** RECORD EXCERPTS **
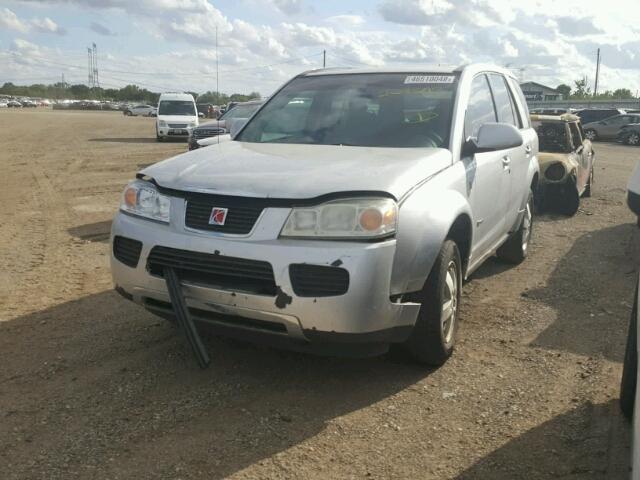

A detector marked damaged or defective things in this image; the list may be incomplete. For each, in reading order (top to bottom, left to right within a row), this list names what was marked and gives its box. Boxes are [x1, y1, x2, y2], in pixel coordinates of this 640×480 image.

cracked headlight [120, 181, 170, 224]
cracked headlight [280, 196, 396, 239]
damaged front bumper [110, 212, 420, 354]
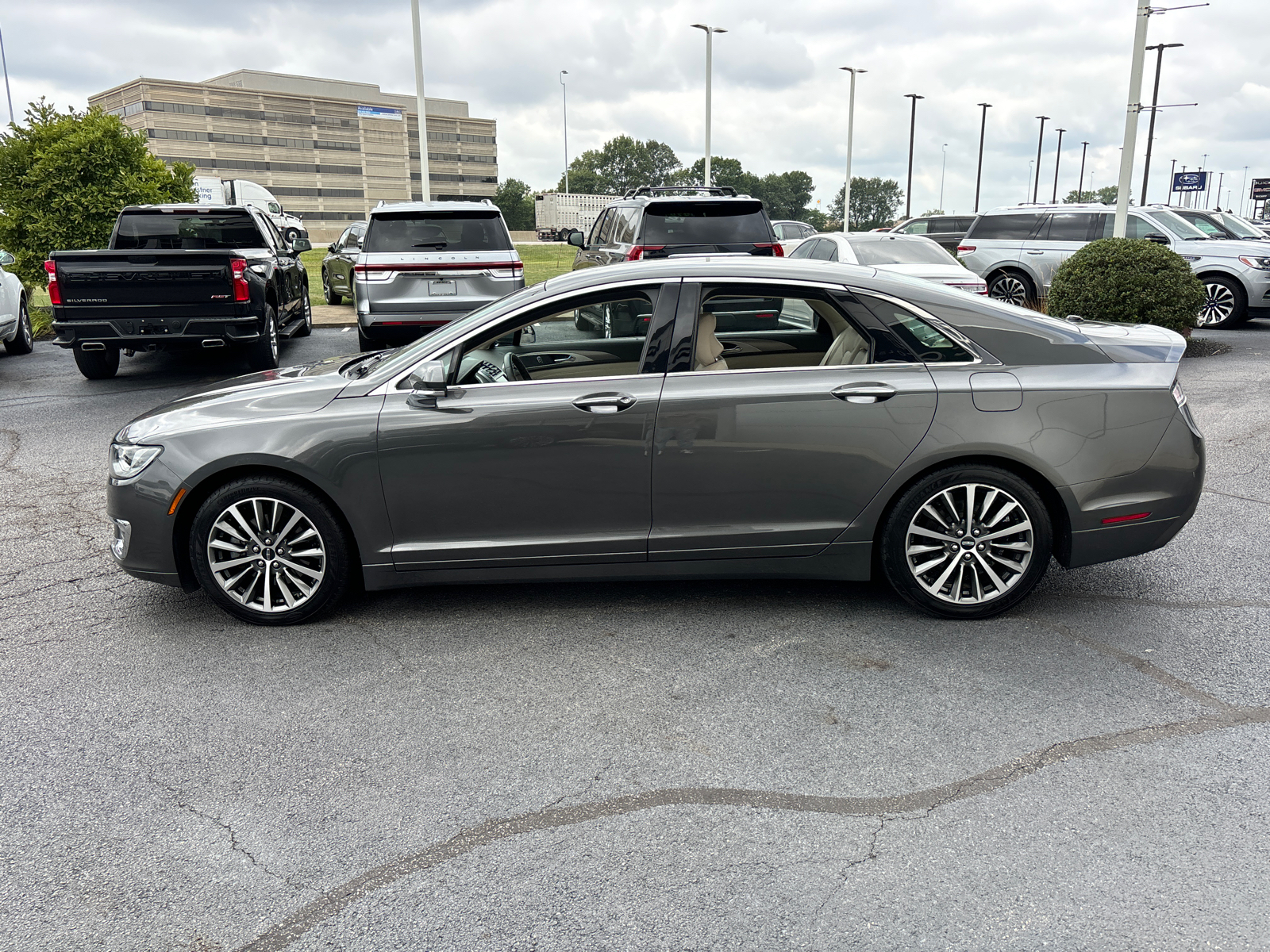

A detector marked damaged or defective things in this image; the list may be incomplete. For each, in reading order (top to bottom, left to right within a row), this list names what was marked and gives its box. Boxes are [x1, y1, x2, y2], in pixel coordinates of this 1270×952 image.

cracked asphalt [2, 324, 1270, 946]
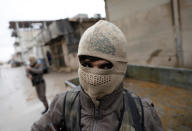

** THE PROBLEM **
All records above are to be output verbatim, with their pictures omitted.

** EXERCISE RESULT **
A detector marked damaged or defective things in this image; the list may be incomplete. For each, in reading order (top to bottom, left to right within a row), this list names what was marked and gives its box. Boxes are [x1, y1, x2, y2], in pixel coordinates of this 640×480 image.

cracked headlight [120, 181, 170, 224]
cracked headlight [280, 196, 396, 239]
damaged front bumper [110, 212, 420, 354]

A detector marked damaged or defective things in this image; the list may be incomplete. For each, in reading order (top to bottom, left to right within a row), this list names what was marked and gives its box. Boxes are [x1, y1, x2, y2], in pixel coordinates of this 1270×952 image.

cracked asphalt [2, 324, 1270, 946]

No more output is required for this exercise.